However, impressions of the relative merits of these data sources vary
widely. Some publishers find server‐side data much more reliable. The
Providence Journal subscribes to comScore, but sees hard‐to‐credit
fluctuations in its online audience from quarter to quarter. As a result, the
paper relies on audits of its server traffic, collected via Omniture, to come
up with its official online readership. The Journal relies on comScore data
mainly for ``product development'' — to gauge the success of niche sites
among particular demographic targets.
Similarly, the Miami Herald uses comScore and also used to subscribe to
Nielsen. But Hirsch reports that his paper’s position in either of the panelbased
rankings varies for no apparent reason. ``I don’t know when to
believe them,'' he says. Meanwhile traffic recorded by the Herald’s own
servers, analyzed with Omniture, tends to match his own editorial sense
of when certain stories, or entire editions, are commanding a great deal of
attention in Miami.
As an example, Hirsch points to January of 2010, the month of the Haitian
earthquake that claimed an estimated 230,000 lives. ``We know our traffic
went through the roof, because of our history of coverage in the region,''
Hirsch says.

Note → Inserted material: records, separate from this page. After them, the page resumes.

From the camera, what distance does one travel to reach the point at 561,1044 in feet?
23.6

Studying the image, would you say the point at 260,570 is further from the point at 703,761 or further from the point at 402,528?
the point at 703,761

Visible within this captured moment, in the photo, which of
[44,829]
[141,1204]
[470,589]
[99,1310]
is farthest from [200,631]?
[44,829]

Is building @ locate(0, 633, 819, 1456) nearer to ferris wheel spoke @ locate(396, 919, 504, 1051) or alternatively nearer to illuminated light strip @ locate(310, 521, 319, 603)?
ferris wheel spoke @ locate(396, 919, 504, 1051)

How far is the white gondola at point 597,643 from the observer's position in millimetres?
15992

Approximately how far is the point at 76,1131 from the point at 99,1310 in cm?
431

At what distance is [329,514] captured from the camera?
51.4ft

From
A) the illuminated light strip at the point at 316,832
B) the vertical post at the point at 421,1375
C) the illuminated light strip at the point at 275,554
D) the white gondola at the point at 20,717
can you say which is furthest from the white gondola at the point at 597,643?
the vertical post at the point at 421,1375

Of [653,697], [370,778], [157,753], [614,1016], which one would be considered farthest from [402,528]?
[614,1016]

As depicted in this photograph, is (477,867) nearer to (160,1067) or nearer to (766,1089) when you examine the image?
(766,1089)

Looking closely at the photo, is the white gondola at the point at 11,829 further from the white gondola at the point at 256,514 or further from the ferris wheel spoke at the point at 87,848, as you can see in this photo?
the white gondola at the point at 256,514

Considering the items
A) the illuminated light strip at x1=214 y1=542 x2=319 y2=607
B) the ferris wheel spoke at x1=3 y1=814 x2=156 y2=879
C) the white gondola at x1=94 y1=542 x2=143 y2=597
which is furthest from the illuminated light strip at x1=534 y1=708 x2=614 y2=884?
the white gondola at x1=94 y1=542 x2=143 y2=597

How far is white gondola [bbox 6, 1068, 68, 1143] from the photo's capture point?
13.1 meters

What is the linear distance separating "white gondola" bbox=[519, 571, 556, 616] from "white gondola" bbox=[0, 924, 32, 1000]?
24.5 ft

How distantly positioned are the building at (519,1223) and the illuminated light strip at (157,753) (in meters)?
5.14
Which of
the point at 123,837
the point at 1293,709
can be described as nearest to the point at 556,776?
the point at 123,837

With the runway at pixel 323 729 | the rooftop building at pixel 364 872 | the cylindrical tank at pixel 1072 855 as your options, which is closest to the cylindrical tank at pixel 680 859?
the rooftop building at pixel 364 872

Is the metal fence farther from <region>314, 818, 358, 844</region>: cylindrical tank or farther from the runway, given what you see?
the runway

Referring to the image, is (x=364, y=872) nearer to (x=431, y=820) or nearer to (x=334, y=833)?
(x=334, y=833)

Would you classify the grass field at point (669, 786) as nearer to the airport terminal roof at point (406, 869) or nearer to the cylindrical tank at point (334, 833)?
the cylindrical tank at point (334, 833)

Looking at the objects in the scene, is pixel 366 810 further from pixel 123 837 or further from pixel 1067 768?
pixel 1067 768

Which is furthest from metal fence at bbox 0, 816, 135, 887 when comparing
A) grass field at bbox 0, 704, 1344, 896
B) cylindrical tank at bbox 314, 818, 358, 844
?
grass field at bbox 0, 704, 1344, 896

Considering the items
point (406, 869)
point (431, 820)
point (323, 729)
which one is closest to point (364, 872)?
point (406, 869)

The paper’s internal figures matched expectations: as
recorded by Omniture, traffic spiked 36 percent over December, to 35
million pageviews, while unique visitors jumped 11 percent, to almost 6
million people. Meanwhile, though, comScore recorded less than half as
much traffic for January, and fewer than an third as many unique visitors.
percent the month of the earthquake — and falling again in February,
despite the fact that Miami hosted the Super Bowl that month.

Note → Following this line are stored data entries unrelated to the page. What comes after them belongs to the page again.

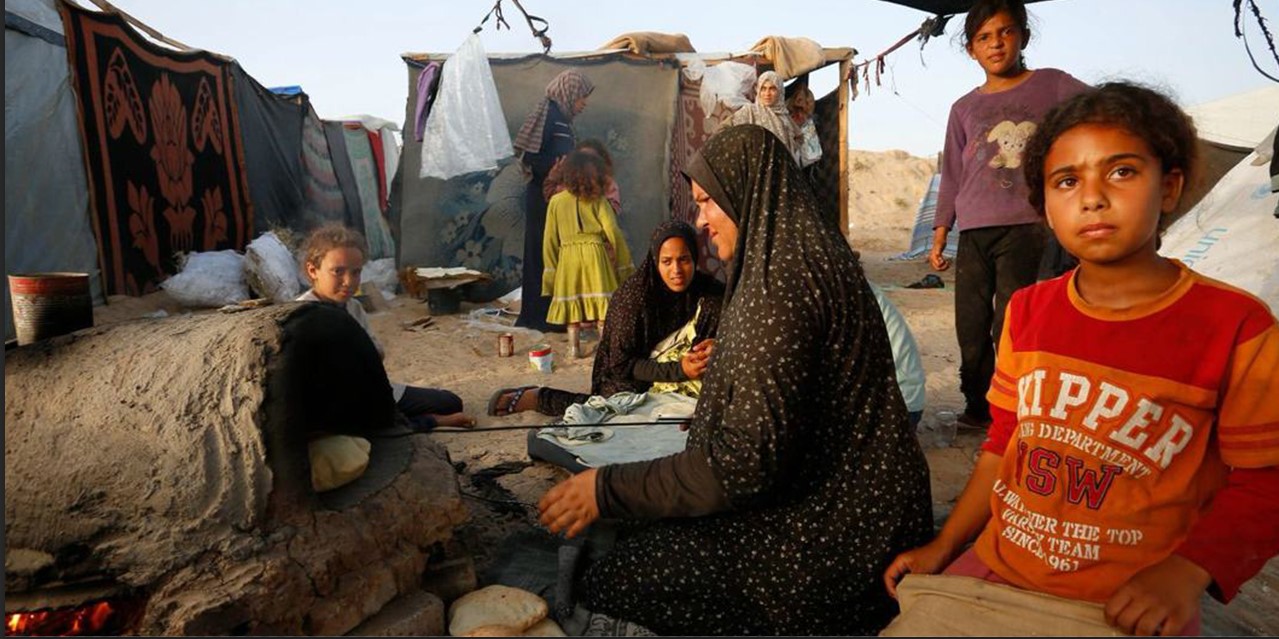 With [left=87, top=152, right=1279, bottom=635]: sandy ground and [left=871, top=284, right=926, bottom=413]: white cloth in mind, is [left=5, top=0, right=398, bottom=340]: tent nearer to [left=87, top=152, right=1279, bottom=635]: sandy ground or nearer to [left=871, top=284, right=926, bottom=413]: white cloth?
[left=87, top=152, right=1279, bottom=635]: sandy ground

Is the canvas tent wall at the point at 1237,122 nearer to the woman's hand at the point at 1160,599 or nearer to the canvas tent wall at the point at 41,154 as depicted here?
the woman's hand at the point at 1160,599

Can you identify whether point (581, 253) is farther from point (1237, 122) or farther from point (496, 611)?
point (1237, 122)

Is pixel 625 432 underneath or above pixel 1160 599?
underneath

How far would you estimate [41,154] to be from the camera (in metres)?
5.75

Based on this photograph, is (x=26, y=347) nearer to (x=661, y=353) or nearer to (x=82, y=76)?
(x=661, y=353)

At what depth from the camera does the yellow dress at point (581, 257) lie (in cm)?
611

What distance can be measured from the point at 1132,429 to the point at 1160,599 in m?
0.30

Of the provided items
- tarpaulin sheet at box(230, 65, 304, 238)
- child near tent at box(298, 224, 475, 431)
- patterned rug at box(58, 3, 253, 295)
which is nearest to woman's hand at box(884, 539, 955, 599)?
child near tent at box(298, 224, 475, 431)

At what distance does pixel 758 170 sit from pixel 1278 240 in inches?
191

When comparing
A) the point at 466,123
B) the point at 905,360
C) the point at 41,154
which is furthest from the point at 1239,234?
the point at 41,154

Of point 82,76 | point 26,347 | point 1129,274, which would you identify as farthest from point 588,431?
point 82,76

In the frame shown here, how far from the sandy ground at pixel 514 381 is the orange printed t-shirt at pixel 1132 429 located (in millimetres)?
677

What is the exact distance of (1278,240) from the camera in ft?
14.9

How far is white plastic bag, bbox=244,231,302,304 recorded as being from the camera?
7.04m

At larger national papers, the story is somewhat different. The Washington
Post relies on both comScore and Nielsen data to understand how it fares
against major competitors online, while also using server‐side traffic
figures for internal strategic analysis. Managing editor Raju Narisetti
acknowledges that the cacophony of competing measurements has been a
serious issue, with both the panels undercounting the Post’s audience.

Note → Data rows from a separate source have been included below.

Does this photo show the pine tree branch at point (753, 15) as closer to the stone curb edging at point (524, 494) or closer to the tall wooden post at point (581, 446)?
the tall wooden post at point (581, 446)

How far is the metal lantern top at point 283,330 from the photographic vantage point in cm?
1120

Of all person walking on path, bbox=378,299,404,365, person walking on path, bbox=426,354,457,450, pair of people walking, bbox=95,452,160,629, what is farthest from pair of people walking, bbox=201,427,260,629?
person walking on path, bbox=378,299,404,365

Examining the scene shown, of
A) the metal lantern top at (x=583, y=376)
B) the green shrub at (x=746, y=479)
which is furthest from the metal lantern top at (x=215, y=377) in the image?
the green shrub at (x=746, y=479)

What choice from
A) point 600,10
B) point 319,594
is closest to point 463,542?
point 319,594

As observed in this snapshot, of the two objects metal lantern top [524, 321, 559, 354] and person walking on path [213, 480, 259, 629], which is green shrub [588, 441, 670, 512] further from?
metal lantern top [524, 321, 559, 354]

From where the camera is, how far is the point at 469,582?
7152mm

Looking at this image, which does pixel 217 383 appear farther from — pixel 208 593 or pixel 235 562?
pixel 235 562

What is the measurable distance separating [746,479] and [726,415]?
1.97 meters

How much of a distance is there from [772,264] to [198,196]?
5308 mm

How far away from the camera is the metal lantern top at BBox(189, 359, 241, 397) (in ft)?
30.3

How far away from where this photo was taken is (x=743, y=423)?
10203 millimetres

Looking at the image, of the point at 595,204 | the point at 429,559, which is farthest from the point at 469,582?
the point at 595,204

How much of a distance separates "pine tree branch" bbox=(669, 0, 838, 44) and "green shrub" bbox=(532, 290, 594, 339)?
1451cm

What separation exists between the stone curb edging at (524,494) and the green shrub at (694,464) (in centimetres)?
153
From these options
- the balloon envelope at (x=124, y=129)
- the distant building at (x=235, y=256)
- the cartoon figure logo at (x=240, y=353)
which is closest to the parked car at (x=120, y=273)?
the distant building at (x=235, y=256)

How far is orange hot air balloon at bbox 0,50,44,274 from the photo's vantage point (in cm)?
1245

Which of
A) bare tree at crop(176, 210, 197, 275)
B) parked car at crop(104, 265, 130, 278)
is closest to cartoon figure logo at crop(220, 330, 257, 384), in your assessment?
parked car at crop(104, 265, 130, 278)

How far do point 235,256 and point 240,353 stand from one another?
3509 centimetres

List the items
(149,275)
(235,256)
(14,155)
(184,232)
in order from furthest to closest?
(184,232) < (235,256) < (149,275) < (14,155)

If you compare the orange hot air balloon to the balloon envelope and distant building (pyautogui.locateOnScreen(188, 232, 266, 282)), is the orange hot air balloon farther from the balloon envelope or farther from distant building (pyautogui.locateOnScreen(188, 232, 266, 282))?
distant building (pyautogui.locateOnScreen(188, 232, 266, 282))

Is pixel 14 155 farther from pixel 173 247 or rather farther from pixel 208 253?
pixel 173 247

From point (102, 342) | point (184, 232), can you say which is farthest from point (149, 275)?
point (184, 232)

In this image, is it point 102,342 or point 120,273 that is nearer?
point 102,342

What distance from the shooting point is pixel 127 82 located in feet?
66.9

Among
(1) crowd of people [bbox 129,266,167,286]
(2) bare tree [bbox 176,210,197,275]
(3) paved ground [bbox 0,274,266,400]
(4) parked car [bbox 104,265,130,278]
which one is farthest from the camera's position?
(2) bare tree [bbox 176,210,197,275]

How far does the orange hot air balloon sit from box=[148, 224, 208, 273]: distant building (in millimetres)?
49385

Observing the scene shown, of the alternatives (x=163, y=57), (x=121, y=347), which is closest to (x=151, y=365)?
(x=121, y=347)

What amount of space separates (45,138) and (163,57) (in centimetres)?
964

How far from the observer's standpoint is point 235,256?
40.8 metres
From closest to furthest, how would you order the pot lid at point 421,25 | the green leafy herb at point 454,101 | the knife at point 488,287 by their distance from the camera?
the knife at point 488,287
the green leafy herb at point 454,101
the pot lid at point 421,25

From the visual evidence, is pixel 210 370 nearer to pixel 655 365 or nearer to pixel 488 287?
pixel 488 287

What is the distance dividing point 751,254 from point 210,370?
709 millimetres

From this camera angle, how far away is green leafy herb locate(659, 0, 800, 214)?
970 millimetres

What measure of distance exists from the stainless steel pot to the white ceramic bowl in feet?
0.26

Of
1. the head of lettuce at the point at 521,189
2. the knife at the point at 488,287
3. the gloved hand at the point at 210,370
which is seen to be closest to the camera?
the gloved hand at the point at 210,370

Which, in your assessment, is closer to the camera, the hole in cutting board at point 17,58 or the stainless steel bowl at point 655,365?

``However, over time you can recognize the strengths and weaknesses of
each and start to understand how one approach relates to the other,'' he
explains. ``It is less of an issue now'' — in part because of the hybrid
measures in the works from comScore and Nielsen, which bring these
audience estimates closer to internal data.
The Wall Street Journal subscribes to Nielsen, comScore, and Hitwise, in
addition to using Omniture for server‐side analysis. Kate Downey, the
paper’s director of ``audience analytics & insights,'' observes that the
Nielsen and comScore ratings of wsj.com rarely agree with each other, or
with the Journal’s own records. However, she emphasizes that server data
is also unreliable and prone to double‐counting; to make their case to
advertisers, salespeople rely mainly on demographic data from the panels
and on the Journal’s own registration records (all the more valuable since
much of the site is behind a paywall). She appreciates having multiple
sources of data at her disposal, each with its own strengths and
weaknesses, and suspects that many of her peers at other papers agree.
``People use whatever numbers look good that month. It gives publishers
some flexibility,'' Downey explains. ``I think if everybody had the same
numbers, we would hate that even more.''
Talking Points Memo sees the same dramatic divergence in audience
estimates. Google Analytics counted 1.8 million unique visitors for a
recent 30‐day span, while comScore typically gives it in the neighborhood
of 300,000 visitors per month. But unlike its peers in the newspaper
business, TPM’s response is to ignore the panels outright — the site
subscribes to neither comScore nor Nielsen, counting on advertisers and
agencies to supply panel‐based figures if they consider them necessary to
the conversation. (For demographic data, TPM relies on its own, voluntary
audience surveys; every six months or so founder Josh Marshall issues an
appeal to readers, culling about 1,000 responses within 12 hours.)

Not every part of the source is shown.